Já no Sul da Bahia, berço do Tabapuã, uma nova modalidade de cruzamento ganha destaque. É o Tabolando. Após a substituição do mercado da carne pelo do leite, as fêmeas Tabapuã estão sendo utilizadas pelos produtores locais como matrizes para o cruzamento com Holandês. O criador Paulo Porto, da fazenda Kaylua, aponta como única desvantagem o tamanho da vaca Tabapuã, sendo que a procura por produtores de leite na região é crescente. A novilha prenha, criada a pasto, chega a ser vendida por R$ 4,5 mil. “O Tabapuã como matriz é fantástico, por causa da habilidade materna, beleza do animal e pelo fator mocho”, observa Paulo.
Antes de passar para o leite, Paulo fez grandes avanços nos cruzamentos de corte, por volta de 10 anos atrás. Os melhores resultados de precocidade foram atingidos através do Limousin e do Angus. Os animais estavam prontos para o abate entre os 24 e 30 meses, porém não tinham a camada de gordura de 5 a 6 milímetros exigida pelos frigoríficos para o bom armazenamento da carne. Nos leilões, os cruzados também não ofereciam retorno financeiro. O criador acabou voltando para os animais puros. “É inegável que o caminho era aquele”, afirma Paulo. 
Para atender aos frigoríficos, hoje, o problema foi resolvido com a terminação em confinamento. O caminho certamente era o cruzado, devido à sua precocidade, sendo este um mercado que deve entrar em expansão. 

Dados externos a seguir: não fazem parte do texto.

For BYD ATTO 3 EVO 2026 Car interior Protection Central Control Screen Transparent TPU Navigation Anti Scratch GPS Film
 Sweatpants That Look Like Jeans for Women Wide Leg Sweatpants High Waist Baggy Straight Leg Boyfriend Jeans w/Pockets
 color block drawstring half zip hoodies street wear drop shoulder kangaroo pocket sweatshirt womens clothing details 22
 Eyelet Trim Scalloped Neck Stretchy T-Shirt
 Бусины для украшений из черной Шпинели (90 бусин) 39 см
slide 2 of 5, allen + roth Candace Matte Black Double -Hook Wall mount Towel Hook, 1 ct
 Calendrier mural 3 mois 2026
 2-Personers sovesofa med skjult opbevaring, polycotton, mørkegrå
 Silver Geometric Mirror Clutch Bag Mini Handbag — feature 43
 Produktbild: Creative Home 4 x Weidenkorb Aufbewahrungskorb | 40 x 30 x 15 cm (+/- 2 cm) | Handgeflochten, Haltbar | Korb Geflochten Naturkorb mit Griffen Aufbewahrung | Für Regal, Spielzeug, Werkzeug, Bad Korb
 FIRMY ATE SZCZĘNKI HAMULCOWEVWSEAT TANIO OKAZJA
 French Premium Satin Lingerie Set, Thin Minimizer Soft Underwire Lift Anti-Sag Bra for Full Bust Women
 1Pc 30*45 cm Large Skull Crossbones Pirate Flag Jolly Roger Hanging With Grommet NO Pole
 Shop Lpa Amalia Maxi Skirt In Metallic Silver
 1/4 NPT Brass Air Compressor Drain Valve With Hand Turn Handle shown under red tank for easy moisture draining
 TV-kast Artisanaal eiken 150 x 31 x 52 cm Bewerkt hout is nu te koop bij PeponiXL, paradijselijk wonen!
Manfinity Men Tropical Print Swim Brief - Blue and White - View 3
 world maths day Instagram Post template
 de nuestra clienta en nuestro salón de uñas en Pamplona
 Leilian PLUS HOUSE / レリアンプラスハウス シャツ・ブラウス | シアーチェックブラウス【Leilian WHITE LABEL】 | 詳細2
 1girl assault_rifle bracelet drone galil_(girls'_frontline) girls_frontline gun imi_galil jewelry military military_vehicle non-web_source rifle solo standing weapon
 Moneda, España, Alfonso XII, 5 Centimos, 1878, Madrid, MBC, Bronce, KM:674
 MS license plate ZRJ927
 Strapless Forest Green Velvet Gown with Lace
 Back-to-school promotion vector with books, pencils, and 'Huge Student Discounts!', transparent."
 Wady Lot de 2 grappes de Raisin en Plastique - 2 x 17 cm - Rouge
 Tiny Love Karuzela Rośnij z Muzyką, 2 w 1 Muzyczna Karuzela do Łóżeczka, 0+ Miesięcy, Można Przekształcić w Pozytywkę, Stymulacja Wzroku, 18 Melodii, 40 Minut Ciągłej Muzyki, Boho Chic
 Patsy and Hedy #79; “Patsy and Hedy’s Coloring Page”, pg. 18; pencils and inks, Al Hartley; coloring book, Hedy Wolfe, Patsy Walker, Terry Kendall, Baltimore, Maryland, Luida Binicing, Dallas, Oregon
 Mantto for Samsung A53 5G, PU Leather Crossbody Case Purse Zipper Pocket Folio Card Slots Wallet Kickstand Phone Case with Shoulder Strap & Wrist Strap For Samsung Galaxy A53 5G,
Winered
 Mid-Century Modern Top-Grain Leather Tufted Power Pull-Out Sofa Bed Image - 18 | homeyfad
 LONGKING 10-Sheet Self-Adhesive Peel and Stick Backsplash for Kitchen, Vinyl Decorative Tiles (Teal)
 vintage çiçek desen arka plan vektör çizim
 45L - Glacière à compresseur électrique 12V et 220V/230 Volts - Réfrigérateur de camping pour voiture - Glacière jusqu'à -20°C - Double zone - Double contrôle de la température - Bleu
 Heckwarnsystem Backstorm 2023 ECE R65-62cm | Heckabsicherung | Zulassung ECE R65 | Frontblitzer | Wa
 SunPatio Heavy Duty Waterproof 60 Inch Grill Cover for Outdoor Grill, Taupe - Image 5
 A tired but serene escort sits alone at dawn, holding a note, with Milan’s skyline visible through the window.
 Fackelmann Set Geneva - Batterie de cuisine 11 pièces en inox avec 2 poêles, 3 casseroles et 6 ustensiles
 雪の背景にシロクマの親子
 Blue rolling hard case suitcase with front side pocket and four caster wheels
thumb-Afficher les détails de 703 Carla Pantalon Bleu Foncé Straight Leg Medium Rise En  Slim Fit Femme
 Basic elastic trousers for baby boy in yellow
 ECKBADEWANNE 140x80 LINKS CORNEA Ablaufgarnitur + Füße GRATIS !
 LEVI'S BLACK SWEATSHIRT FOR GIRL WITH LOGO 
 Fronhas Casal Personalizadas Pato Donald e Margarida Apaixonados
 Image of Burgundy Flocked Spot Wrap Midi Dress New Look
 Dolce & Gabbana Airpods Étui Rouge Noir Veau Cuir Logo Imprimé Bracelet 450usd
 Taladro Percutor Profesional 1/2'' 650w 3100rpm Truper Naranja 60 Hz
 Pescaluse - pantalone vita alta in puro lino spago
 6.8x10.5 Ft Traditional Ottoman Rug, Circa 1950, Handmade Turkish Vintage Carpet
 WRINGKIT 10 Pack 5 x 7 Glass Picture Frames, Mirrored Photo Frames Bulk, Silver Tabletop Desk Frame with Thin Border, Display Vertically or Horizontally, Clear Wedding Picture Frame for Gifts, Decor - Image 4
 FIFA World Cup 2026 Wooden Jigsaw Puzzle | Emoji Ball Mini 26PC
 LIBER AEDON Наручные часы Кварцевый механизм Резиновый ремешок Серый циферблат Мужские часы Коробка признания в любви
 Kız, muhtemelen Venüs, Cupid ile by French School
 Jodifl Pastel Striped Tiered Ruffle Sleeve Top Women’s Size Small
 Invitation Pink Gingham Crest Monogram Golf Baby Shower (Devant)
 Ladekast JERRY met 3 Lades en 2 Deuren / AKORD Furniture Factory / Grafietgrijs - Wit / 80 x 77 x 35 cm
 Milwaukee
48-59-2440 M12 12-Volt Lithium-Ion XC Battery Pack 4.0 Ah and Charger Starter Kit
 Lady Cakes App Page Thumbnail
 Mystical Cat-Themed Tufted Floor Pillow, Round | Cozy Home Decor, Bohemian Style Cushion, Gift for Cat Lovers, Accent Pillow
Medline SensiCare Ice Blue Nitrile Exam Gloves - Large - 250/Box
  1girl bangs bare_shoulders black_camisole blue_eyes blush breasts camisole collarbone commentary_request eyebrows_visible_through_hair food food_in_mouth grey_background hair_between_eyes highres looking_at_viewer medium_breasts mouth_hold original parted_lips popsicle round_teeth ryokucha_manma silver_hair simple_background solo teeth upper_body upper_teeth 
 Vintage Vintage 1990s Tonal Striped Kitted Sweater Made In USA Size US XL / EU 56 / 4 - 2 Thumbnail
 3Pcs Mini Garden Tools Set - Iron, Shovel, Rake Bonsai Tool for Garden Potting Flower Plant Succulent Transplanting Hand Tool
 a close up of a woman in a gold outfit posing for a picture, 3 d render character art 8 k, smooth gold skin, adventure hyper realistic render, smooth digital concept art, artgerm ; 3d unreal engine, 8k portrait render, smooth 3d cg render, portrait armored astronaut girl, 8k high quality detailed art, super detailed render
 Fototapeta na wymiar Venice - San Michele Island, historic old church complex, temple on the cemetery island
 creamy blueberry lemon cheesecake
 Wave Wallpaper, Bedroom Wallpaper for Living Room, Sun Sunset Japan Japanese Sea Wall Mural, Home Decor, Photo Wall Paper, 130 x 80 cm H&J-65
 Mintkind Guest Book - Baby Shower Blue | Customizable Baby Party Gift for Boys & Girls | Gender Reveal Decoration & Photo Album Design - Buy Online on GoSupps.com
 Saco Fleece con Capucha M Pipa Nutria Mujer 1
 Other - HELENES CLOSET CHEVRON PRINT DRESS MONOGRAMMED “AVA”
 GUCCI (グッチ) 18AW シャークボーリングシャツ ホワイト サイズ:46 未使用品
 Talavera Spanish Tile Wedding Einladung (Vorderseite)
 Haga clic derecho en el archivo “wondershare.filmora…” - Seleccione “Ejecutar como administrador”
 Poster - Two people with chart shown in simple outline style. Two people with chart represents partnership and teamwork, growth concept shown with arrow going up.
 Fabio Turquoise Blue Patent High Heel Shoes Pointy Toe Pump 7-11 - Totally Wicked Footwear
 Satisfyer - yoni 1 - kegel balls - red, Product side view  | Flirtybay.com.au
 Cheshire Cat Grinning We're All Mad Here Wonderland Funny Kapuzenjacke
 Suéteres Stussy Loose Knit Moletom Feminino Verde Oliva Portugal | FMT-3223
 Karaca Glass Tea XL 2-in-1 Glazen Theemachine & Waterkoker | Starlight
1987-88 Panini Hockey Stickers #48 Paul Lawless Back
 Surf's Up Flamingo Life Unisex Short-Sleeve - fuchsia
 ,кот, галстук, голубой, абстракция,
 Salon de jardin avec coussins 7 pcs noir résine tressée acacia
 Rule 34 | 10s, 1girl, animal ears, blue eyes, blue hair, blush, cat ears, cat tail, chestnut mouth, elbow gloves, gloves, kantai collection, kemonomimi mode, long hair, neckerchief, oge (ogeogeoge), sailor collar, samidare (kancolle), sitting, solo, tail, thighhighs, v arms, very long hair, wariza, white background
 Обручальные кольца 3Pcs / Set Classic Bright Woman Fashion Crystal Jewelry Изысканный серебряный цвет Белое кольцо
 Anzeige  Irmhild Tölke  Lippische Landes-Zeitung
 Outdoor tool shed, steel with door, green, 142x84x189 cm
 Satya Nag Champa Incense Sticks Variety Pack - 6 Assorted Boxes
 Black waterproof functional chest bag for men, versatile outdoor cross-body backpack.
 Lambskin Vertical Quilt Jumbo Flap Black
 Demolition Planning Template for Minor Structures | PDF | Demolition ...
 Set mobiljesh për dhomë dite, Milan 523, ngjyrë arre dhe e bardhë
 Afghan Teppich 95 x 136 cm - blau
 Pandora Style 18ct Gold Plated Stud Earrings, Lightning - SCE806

Estudo realizado pela Universidade Federal de Lavras (UFLA) com animais confinados mostra que o aproveitamento de carcaça do Tabapuã puro chega a 54%. Os abates realizados apontaram carcaças com maior quantidade de músculos, mínimo de ossos e gordura adequada conforme as exigências do mercado. 
Agora, o desafio dos criadores é mostrar a qualidade de carcaça dos animais cruzados. “Em nível de fazenda, estamos começando a fazer testes de carcaça, é um projeto novo, para comprovar que o Tabapuã acumula gordura mais cedo – ou seja, é mais precoce”, explica Fernando.